XFS journal log resetting

public inbox for linux-xfs@vger.kernel.org
 help / color / mirror / Atom feed

* XFS journal log resetting
@ 2021-12-10 18:27 Chanchal Mathew
  2021-12-10 21:36 ` Dave Chinner
  0 siblings, 1 reply; 6+ messages in thread
From: Chanchal Mathew @ 2021-12-10 18:27 UTC (permalink / raw)
  To: linux-xfs

Hi

A question for the developers -

Is there a reason why a clean unmount on an XFS filesystem would not reset the log numbers to 0? The xfs_logprint output shows the head and tail log numbers to have the same number > 0 and as CLEAN. But the log number is not reset to 0 without running a xfs_repair -L. Is there a reason it’s not done as part of the unmount?

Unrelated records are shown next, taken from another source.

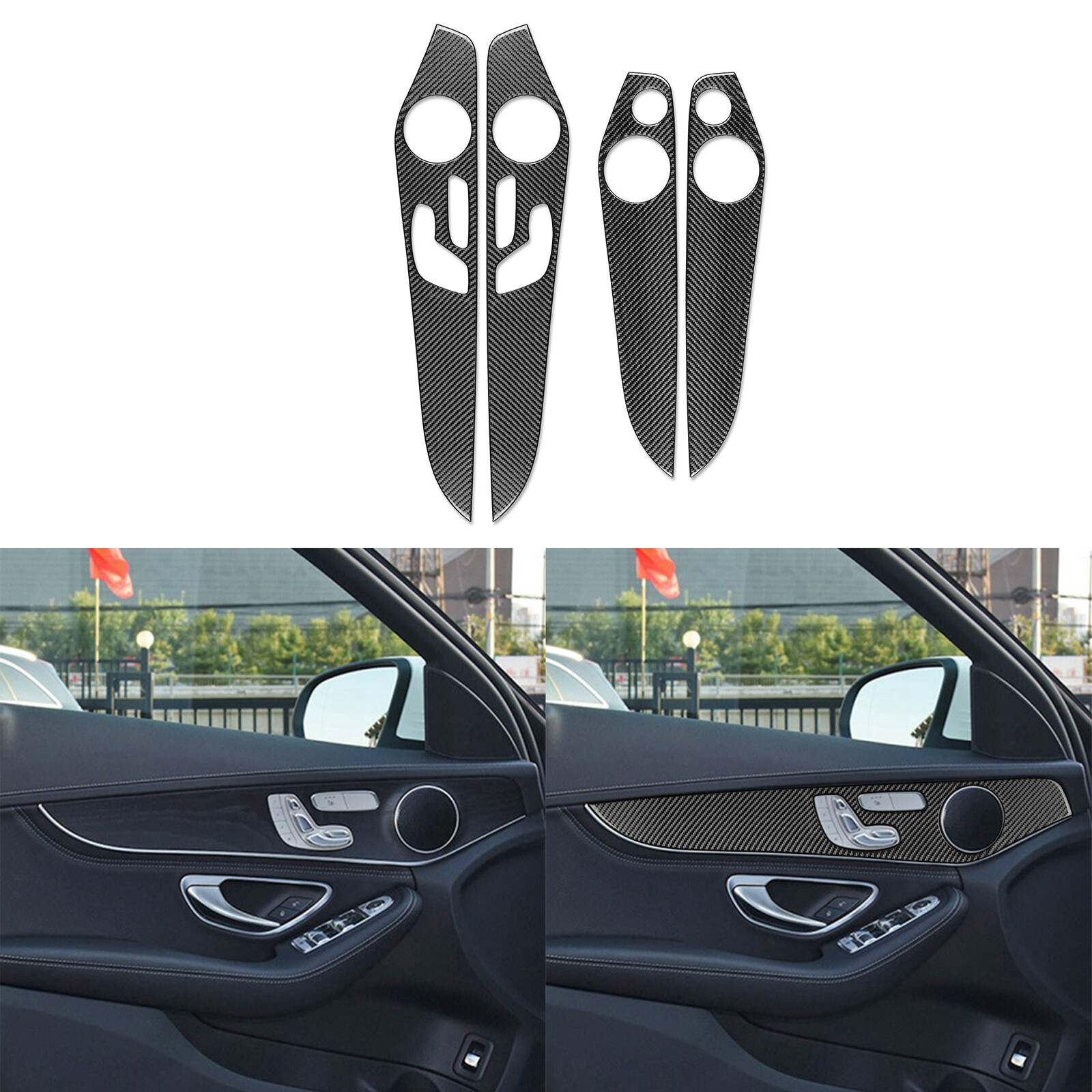 Real Carbon Fiber Interior Door Panel Cover For Benz C Class W205 GLC X253 15-20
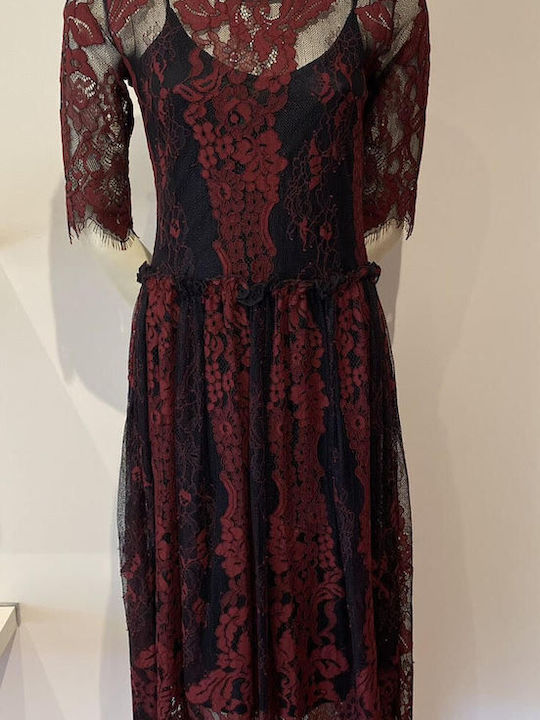 Liu Jo Midi Κομπινεζόν Φόρεμα Μπορντό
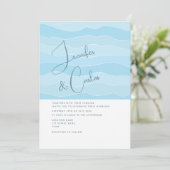 Ocean Aqua Blue Wedding Einladung (Stehend Vorderseite)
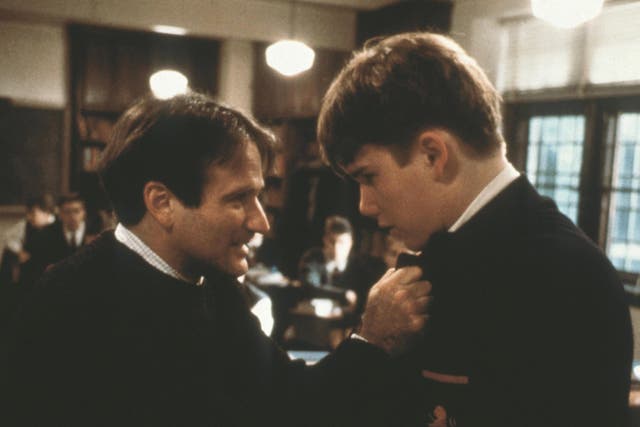 <p>Robin Williams and Ethan Hawke in ‘Dead Poets Society'</p>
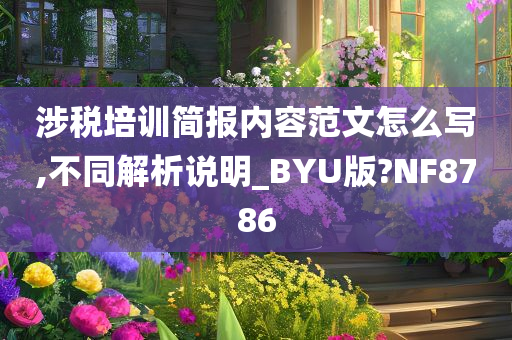 涉税培训简报内容范文怎么写,不同解析说明_BYU版?NF8786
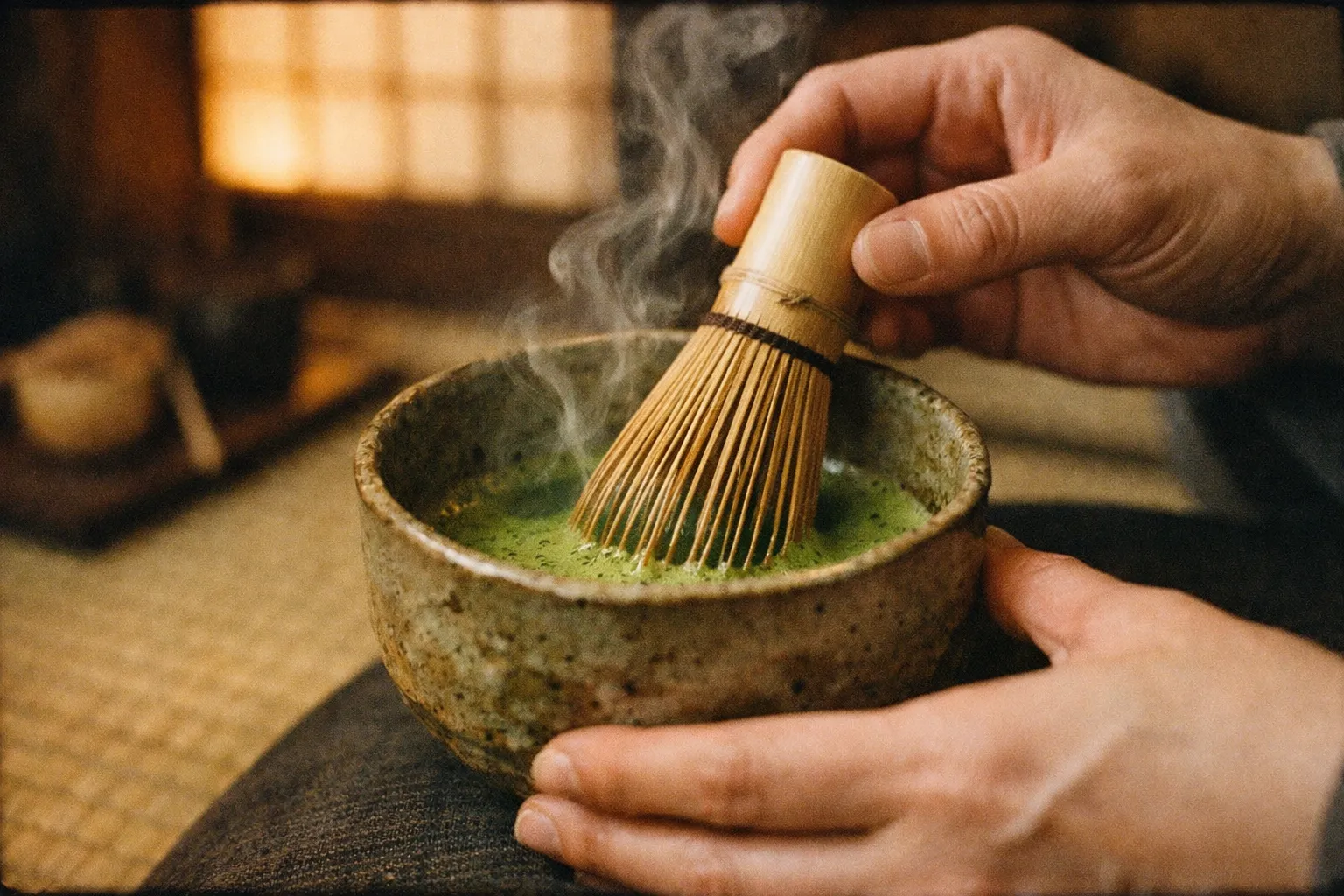 Close-up of hands preparing matcha tea in a traditional ceremony, bamboo whisk resting in a bowl with steam curling upward.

The problem I’m noticing is, the higher the log number, it takes longer for it to be mounted. Most time seems spent on the xlog_find_tail() call. 

Thank you!

- Chanchal

^ permalink raw reply	[flat|nested] 6+ messages in thread

* Re: XFS journal log resetting
  2021-12-10 18:27 XFS journal log resetting Chanchal Mathew
@ 2021-12-10 21:36 ` Dave Chinner
  2021-12-11  0:09   ` Chanchal Mathew
       [not found]   ` <F6A3B616-EF69-4AFF-BB12-17D6E53AC8D3@gmail.com>
  0 siblings, 2 replies; 6+ messages in thread
From: Dave Chinner @ 2021-12-10 21:36 UTC (permalink / raw)
  To: Chanchal Mathew; +Cc: linux-xfs

On Fri, Dec 10, 2021 at 10:27:11AM -0800, Chanchal Mathew wrote:
> Hi
> 
> A question for the developers -
> 
> Is there a reason why a clean unmount on an XFS filesystem would
> not reset the log numbers to 0? The xfs_logprint output shows the
> head and tail log numbers to have the same number > 0 and as
> CLEAN. But the log number is not reset to 0 without running a
> xfs_repair -L. Is there a reason it’s not done as part of the
> unmount?

Yes.

Log sequence numbers are a persistent record of when a given
metadata object was modified. They are stored in all metadata, not
just the log, and are used to determine if the modification in the
log found at recovery time is already present in the on-disk
metadata or not.

Resetting the number back to zero basically breaks this recovery
ordering verification, and takes us back to the bad old days of the
v4 filesystem format where log recovery could overwrite newer
changes in metadata. That could cause data loss and corruption
problems when recovering newly allocated inodes and subsequent
changes....

> The problem I’m noticing is, the higher the log number, it takes
> longer for it to be mounted. Most time seems spent on the
> xlog_find_tail() call. 

The log sequence number has nothign to do with how long
xlog_find_tail() takes to run. entirely dependent on the size
of the log and time it takes to binary search the journal to find
the head. The head then points at the tail, which then gets
verified. Once the head and tail are found, the journal contents
between the head and tail are CRC checked, and the time this takes
is entirely dependent on the distance between the head and tail of
the log (i.e. up to 2GB of journal space might get CRC'd here).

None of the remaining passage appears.